Pourquoi les GMS (Hyper, etc) singent les commerces de proximité ?

Entretien avec Pascal Malhomme, président de la Fédération Française Droguerie & Bazar (FFDB) et vice-président de l’Union Nationale des PME du Commerce (UNPMC).  Propos recueillis par Jacqueline Deneuve

Quel intérêt les Grandes et Moyennes Surfaces (GMS) auraient-elles à copier les modes opératoires des petits commerces ?

Lorsque l’on est un commerçant, il ne faut jamais perdre de vue les attentes de sa clientèle. Un commerce prospère est toujours tenu par un commerçant à l’écoute des besoins de ses clients, un professionnel capable de les anticiper, attentif au contexte, la ville ou le village au sein duquel il exerce son activité. Cet état d’esprit est l’essence même du commerce de proximité qui se pratique en osmose avec un environnement. Avec le commerce de proximité et tout ce que cela implique de participation à la vie de la collectivité, le célèbre adage du client roi est une réalité, le client est vraiment roi pour le magasin installé à deux pas. Et c’est cette règle d’airain que souhaitent aujourd’hui mimer à leur façon les GMS.

Pourquoi cela ?

Après des décennies d’une forte croissance hexagonale, puis d’un développement tourné vers l’Europe et l’Asie, les GMS sont à la recherche d’un nouveau credo pour maintenir leur haut niveau de rentabilité en profitant de leur taille. Ils ont eu beau essayer d’humaniser leurs « cathédrales », de consolider leur hégémonie, ils ont dû faire face à une récession des ventes car les consommateurs ont acquis de la maturité en même temps que les modes de consommation ont évolué.  En effet, l’ère de la grande consommation aveugle, de la nouveauté pour la nouveauté, est derrière nous. Désormais, les clients attendent des professionnels une information et un produit fiables, ils apprécient qu’une expertise les accompagne en connaissance de cause durant leurs achats, ce qui est le propre du commerçant de proximité.
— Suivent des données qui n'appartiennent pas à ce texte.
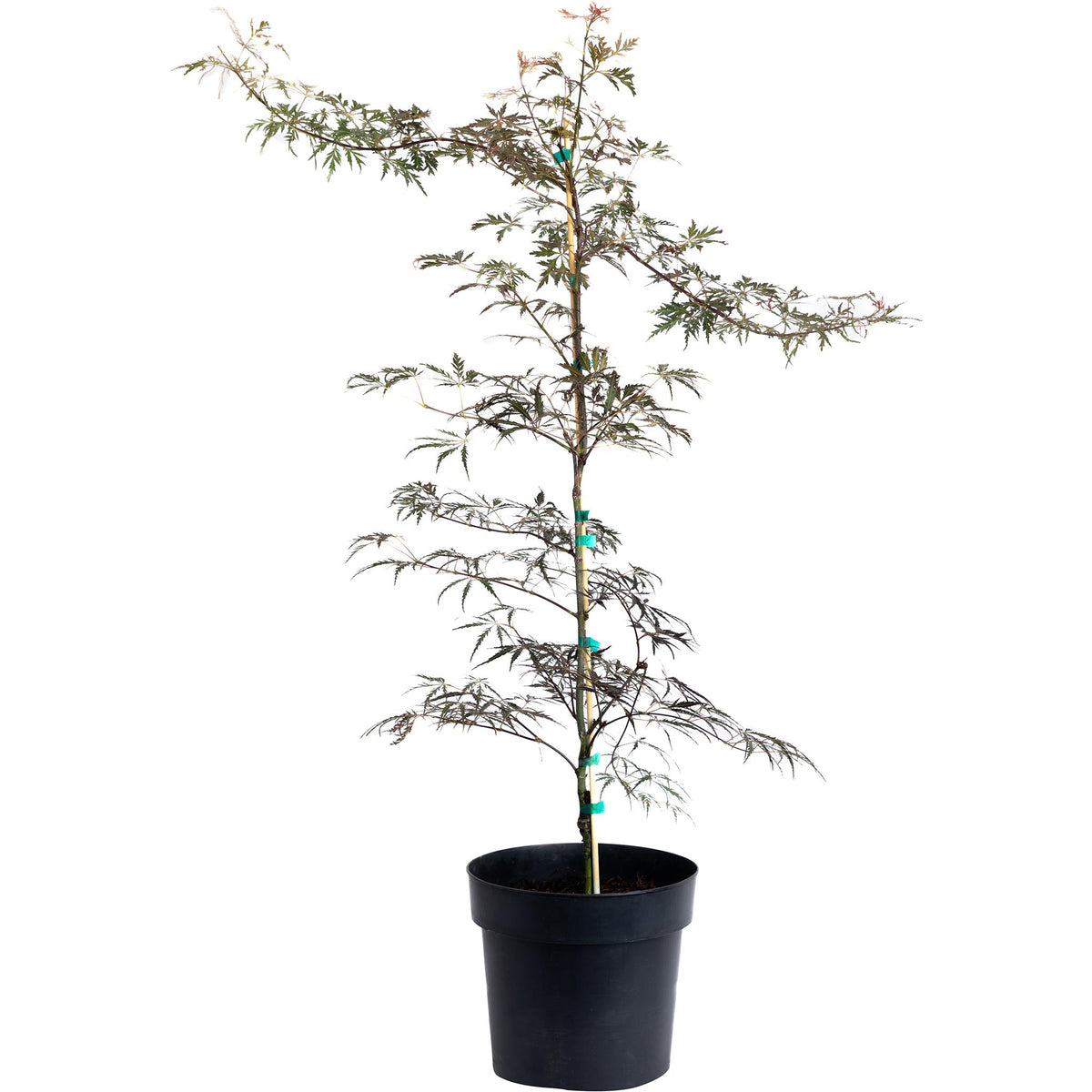 Crimson Queen Japanese Maple – Red Laceleaf Tree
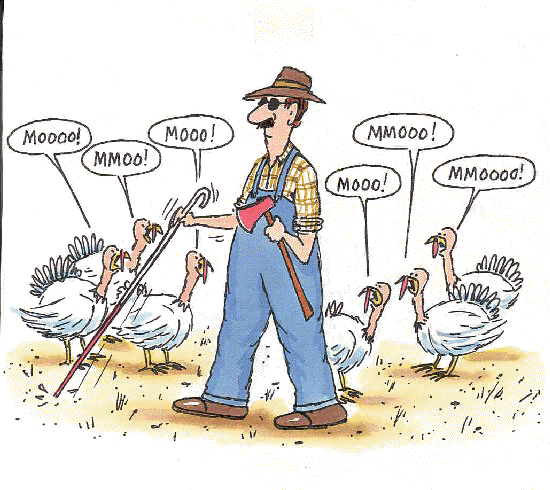 Thanksgiving For All: Funny Thanksgiving Cartoons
Croyez-vous que le commerce de proximité puisse contrer la concurrence des GMS ?

Oui et je m’emploie activement à l’y aider. Nous ne voulons plus jouer en défense, nous avons déjà tiré les enseignements des constats qui s’imposaient et mis en route des solutions pour aider nos adhérents à rendre plus visibles leurs métiers et leurs compétences. Je n’oublie jamais que c’est aux clients que la décision finale appartient.

Est-ce une réelle menace pour ce type de commerce, l’arrivée des GMS ?

Cela dépend, si les GMS s’appuient sur leur puissance financière pour acheter des pas de porte et occuper le terrain en imposant à terme aux consommateurs un choix très relatif de produits, cela me pose problème. Ce n’est pas ma culture et je ne cautionne pas un développement qui capte presque mécaniquement les richesses en imposant à tous ses propres logiques sans aucune contrepartie. Je suis pour défendre la qualité des produits, les circuits courts et les savoirs faire locaux, en maintenant des prix concurrentiels.

Il est clair que plus les petits patrons du commerce disparaîtront et plus leurs homologues industriels, qu’ils font travailler avec les artisans également, sortiront de l’équation au détriment de la richesse et du dynamisme des territoires. Pourtant, ce sont bien eux qui animent la vie économique et sociale d’une région. Ce ne sont pas les GMS qui viendront créer des liens durables avec leur environnement socio-économique, elles préfèrent souvent sous-traiter à d’autres entreprises, qui leur appartiennent déjà.

Mais je ne suis pas pessimiste. Je crois fondamentalement que la valeur ajoutée du commerce de proximité, dépend de sa capacité à mettre en avant ses atouts, le respect d’un écosystème local et une formidable expertise des produits et des clients.

Si je prends l’exemple de la droguerie, dans une grande surface, ce qui n’est pas cher est toujours trop cher. En revanche, avec le conseil avisé d’un homme de l’art, un client n’aura pas à acheter trois produits différents avec l’inconvénient de se retrouver le porte-monnaie vide avec un placard encombré de flacons et d’emballages inutiles parce que mal choisis. C’est tout l’intérêt d’un conseil qui engage celui qui le donne. Une question de sens de la responsabilité.